Zoro 2011 – Finale di partita. Un documentario? No, un documento
La settantaseiesima puntata di Tolleranza Zoro, in onda su La7
Mentre scrivo, La7 sta mandando in onda Zoro 2011 – Finale di partita, ovvero la settantaseiesima puntata di Tolleranza Zoro, ovvero, il racconto dei fatti di piazza e di politica di questo assurdo 2011 commentati da Diego Bianchi (in arte Zoro).
Un racconto minimal-stralunato, con lo sguardo roman-satirico di Zoro che coglie le idiosincrasie dei politici e dei manifestanti, dei giornalisti e dei fotografi, del linguaggio e dei termini utilizzati; Zoro tratteggia con la sua voice over e con il montaggio sincopato un anno da sincope: il Pd-mille-facce e Berlusconi, gli scontri di Roma (che sembrano così lontani nel tempo, a rivederli), la fiducia dei 308, le dimissioni di Berlusconi. Il tutto con l'(auto?)ironia di sinistra. Una sinistra che forse non c’è ma che Zoro rappresenta perfettamente in tutte le sue speranze e illusioni disilluse.

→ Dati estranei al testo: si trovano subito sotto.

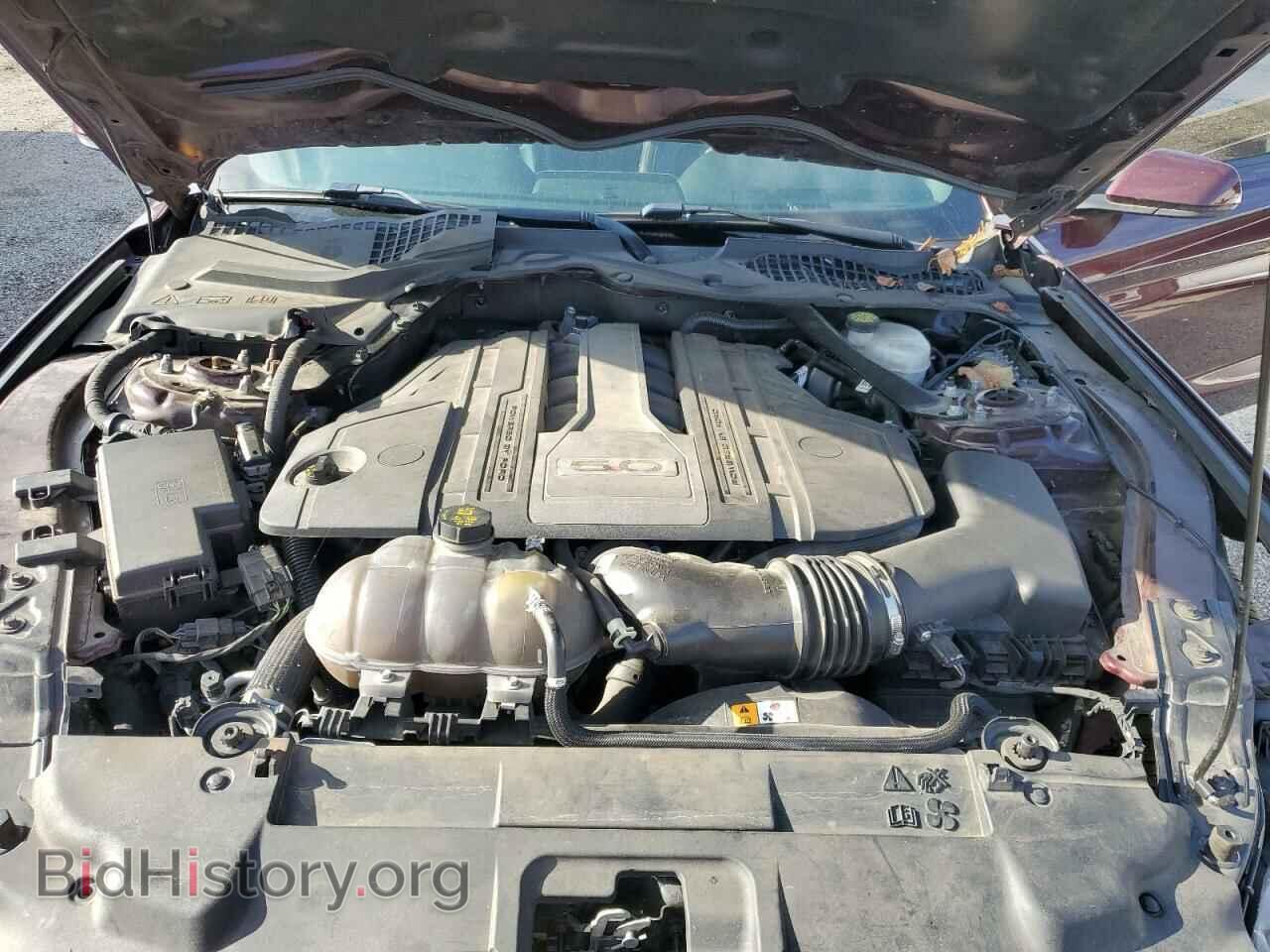 2018 FORD MUSTANG - VIN: 1FA6P8CF2J5112958 - Фото 11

Le riprese da “testimone” diretto degli eventi, il commento, il montaggio che diventa commento a sua volta, vere e proprie perle, fra cui proprio lui, Zoro, che il 5 novembre in piazza col Pd fa quello che va a portar Matteo Renzi a salutare gli altri, si incolla a Veltroni che, quando parla Gigi, per non far veder che si commuove gioca col telefonino, commenti alla fine del governo Berlusconi, tipo: «Epperò, per essere la fine del ventennio bbreve, de gente ce ne stava poca», «Semo libberi, però libberi un pezzetto». «E’ ‘na vita che aspettamo ‘sto momento, mo’ come lo festeggiamo? Che sonamo? Che cantamo?» (e parte il medley, da A-e-i-o-u-ipsilon a Voglia di vincere). E ancora, il racconto dell’arrivo del governo dei tecnici.
(“Documentario”, così è scritto sul palinsesto), scrive lui, autore e protagonista, sul suo Twitter. Ora, documentario non può essere, perché un documentario dovrebbe essere in qualche modo “scientifico”. Infatti è qualcosa di più: è un documento. Ironico e stralunato come può essere una spiegazione degli ultimi mesi dell’Italia fatta da uno che prova davvero a scherzarci su. Per capirlo bisogna avere un po’ di passione politica, non c’è dubbio. E bisogna avere anche uno sguardo disincantato e privo di quella componente “tifosa” che devasta ogni discorso politico in Italia.
Solo che, a guardarlo bene, sale soltanto una grande amarezza. Mica per il documento, che è fatto bene (i mezzi tecnici, se c’è un’idea, contano poco, l’estetica e l’apparenza non servono a niente, in questi casi). No, per quel che racconta. Fino al finale, affatto consolatorio:
«Riposa ‘sto cervello. Daje, su. Che mo’ ce pensa er tecnico».